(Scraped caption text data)
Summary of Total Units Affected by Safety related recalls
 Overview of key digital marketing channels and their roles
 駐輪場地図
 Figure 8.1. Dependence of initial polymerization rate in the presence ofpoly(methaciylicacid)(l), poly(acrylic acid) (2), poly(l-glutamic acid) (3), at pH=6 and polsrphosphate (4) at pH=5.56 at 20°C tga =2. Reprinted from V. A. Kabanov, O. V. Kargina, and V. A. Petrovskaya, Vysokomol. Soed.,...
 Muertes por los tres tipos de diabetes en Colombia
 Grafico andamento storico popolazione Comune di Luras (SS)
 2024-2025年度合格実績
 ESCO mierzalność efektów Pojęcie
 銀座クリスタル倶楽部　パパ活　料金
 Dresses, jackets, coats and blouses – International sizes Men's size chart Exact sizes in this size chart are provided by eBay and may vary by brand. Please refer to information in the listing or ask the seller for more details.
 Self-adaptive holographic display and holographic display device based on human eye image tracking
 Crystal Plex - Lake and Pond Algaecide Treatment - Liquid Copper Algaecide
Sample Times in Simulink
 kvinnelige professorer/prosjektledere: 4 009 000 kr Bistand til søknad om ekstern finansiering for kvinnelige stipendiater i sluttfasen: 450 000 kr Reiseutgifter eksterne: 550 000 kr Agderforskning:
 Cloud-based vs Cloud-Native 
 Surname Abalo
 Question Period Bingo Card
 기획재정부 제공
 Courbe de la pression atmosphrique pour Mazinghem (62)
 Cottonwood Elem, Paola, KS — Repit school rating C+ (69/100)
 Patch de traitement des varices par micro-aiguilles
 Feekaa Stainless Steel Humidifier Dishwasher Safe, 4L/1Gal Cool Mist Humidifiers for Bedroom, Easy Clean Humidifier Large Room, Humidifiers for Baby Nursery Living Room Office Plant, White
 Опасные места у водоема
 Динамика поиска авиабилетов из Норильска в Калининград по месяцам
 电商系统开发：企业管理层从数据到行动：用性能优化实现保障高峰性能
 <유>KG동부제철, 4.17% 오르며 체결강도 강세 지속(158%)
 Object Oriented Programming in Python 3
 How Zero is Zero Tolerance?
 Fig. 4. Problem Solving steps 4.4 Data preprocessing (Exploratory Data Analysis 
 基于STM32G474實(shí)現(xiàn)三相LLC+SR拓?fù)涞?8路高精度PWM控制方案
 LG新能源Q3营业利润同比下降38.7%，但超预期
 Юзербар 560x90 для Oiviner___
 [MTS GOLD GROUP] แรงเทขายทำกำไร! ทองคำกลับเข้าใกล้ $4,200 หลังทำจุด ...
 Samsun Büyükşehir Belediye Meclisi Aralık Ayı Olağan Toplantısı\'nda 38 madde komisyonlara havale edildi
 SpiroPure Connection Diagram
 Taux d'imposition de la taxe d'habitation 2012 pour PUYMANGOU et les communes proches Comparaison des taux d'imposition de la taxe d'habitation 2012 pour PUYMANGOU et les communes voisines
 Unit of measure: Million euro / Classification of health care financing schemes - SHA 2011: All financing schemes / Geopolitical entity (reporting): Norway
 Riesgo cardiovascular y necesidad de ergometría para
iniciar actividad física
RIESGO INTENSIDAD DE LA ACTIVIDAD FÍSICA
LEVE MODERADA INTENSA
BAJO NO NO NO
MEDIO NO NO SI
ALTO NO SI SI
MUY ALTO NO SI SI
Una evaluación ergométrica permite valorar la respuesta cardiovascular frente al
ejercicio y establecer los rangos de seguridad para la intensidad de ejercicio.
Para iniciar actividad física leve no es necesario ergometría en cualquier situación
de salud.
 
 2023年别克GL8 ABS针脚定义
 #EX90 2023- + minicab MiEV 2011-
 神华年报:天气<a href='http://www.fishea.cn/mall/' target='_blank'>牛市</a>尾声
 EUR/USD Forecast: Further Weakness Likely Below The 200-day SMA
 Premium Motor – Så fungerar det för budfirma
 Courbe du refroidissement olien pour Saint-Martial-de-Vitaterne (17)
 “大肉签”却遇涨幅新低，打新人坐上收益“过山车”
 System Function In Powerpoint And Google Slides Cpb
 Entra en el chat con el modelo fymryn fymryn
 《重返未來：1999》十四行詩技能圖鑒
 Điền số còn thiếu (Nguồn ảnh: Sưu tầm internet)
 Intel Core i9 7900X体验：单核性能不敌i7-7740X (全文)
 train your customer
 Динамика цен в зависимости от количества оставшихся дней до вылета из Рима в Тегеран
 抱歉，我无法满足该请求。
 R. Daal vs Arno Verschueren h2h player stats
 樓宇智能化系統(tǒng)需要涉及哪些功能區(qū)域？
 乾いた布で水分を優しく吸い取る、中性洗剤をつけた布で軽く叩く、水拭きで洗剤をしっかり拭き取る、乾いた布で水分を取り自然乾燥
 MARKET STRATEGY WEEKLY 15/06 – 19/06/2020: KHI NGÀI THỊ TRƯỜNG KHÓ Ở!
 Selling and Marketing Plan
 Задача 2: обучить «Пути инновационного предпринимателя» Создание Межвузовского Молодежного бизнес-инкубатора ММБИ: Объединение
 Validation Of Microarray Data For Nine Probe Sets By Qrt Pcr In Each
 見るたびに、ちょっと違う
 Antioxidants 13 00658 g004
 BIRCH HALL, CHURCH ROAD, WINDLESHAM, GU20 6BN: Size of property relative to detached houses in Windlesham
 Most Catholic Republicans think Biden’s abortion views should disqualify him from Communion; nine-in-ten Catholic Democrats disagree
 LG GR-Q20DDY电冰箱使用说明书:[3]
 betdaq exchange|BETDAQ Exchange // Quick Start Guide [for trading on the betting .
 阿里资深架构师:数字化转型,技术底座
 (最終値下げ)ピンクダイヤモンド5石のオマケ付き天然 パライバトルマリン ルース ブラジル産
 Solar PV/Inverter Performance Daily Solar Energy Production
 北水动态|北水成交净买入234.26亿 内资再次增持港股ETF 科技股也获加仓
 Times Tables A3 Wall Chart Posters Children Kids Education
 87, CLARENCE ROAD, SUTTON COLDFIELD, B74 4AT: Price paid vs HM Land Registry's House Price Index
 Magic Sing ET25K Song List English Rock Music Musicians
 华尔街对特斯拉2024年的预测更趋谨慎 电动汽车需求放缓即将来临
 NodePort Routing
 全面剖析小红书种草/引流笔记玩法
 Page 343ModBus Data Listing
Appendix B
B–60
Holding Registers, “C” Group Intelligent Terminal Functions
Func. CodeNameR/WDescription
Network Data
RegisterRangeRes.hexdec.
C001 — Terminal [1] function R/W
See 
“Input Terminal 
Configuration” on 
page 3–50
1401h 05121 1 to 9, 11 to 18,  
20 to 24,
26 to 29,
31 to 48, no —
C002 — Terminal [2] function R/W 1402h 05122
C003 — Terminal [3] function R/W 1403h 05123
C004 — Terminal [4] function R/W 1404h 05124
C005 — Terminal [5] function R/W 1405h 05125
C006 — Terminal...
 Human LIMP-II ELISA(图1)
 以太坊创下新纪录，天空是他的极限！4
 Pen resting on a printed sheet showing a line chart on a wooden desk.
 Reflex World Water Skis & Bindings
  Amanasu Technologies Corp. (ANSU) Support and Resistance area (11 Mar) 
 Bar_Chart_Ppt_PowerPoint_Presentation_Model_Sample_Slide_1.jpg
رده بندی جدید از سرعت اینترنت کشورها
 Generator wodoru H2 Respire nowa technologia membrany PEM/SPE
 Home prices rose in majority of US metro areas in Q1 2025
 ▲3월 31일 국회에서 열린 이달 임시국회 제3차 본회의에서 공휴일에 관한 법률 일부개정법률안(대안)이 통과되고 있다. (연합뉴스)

— To do —
Please output exactly the lines between the one holding "Dresses, jackets, coats" and the one holding "Self-adaptive holographic display" in the records above, inclusive, and nothing more.

— Answer for the task —
 Dresses, jackets, coats and blouses – International sizes Men's size chart Exact sizes in this size chart are provided by eBay and may vary by brand. Please refer to information in the listing or ask the seller for more details.
 Self-adaptive holographic display and holographic display device based on human eye image tracking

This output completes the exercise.